Thought for the Week: Quaker service stations?

David Boulton considers what our Meeting houses are for

What are our Meeting houses for? To meet in, yes, as our very own places for worship, Quaker business, coffee and biscuits, all that committee stuff. But is that all? Are we missing a trick? Could we make much more of them than we do? That was the challenge put to us at a recent Woodbrooke course on managing and marketing our Meeting houses.

Marketing? Not a very Quakerly concept, surely? Shades of ‘hidden persuaders’ spinning half truths in brash slogans. Marketing has a bad name: it needs ‘marketing’. Better speak of promotion. After all, we Quakers rebranded proselytising (bad) as outreach (good). We could do a similar make-over with marketing by marketing it as promotion.

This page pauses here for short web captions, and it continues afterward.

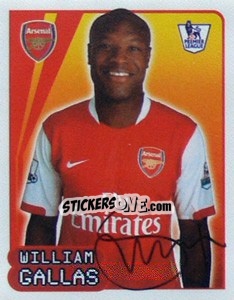 Sticker William Gallas - Premier League Inglese 2007-2008 n. 23 - Merlin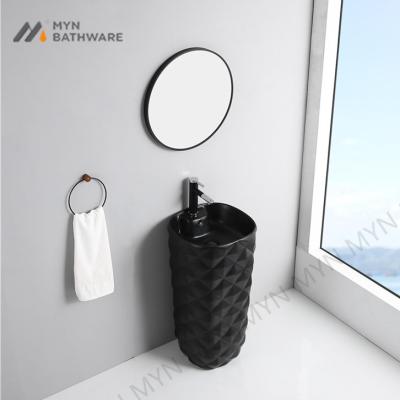 China Unique Design Hotel Sanitary Care Floor Stand Sink Basin Bathrooms Diamond Design Pedestal One Piece Hand Basin for sale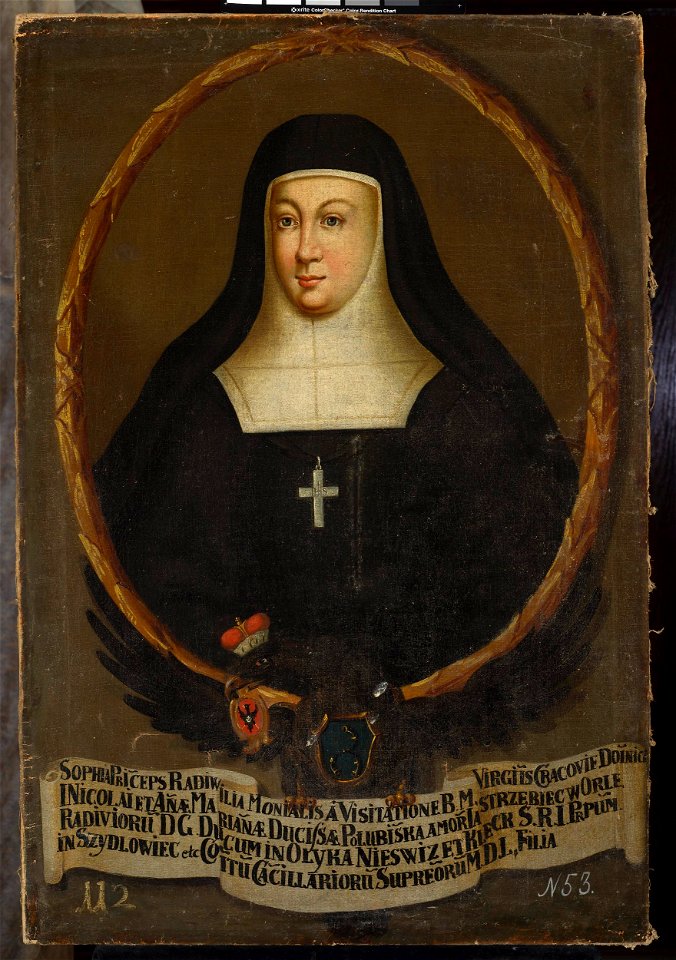 Nieznany malarz polski - Portrait of Zofia née Radziwiłł (after 1672–^), Visitandine in Kraków - MP 4455 MNW - National Museum in Warsaw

This was just one of many ideas put to us by Nigel Moseley who, as Woodbrooke’s marketing sales manager, has done a spectacular job of promoting the Birmingham Quaker study centre, not only as a resource for Friends but as a state-of-the-art conference centre for other organisations. Can we do, and should we be doing, a better job of promoting our Meeting houses as ‘service stations’ for the wider community?

We should ask ourselves what the passer-by sees when she walks past a Quaker Meeting house. A bright, modern sign will suggest a bright, modern community inside, with bright, modern amenities. A dowdy sign will suggest something less attractive. As John Marsh, one of the course facilitators, put it bluntly, ‘There is good evidence from Quaker Quest that too many people become excited by Quakerism, only to be put off when they find their local Meeting house dire’.
John urged us to think imaginatively about how we can make our special properties – what some would call our spiritual homes – attractive, welcoming places, and how best we can put them to new uses. City and town centre Meeting houses might look for more energetic ways of attracting a wider range of lettings, not only to help finances but also to promote outreach. Rural ones in out-of-the-way locations may not be able to go down that road but Friends, wherever they are based, could start by asking themselves what is their ‘unique selling point’ (to lapse into marketing jargon). What can we offer, if only a genuinely warm welcome to a happy community that knows how to look after its home?

The Woodbrooke course, led by Judi Brill, Strawberry Roth and their team, covered much of the nitty-gritty of Meeting house management, including wardenship and employer-employee relations. But the focus was the challenge to find ways of turning our properties into service stations for the wider community: places that attract people who may not have a clue what Quakerism is about, but who find the Meeting house an attractive location for their social activities. Who said ‘if only stones could talk’? But they can, and they do! So, what does your Meeting house say about who Quakers are and what they stand for?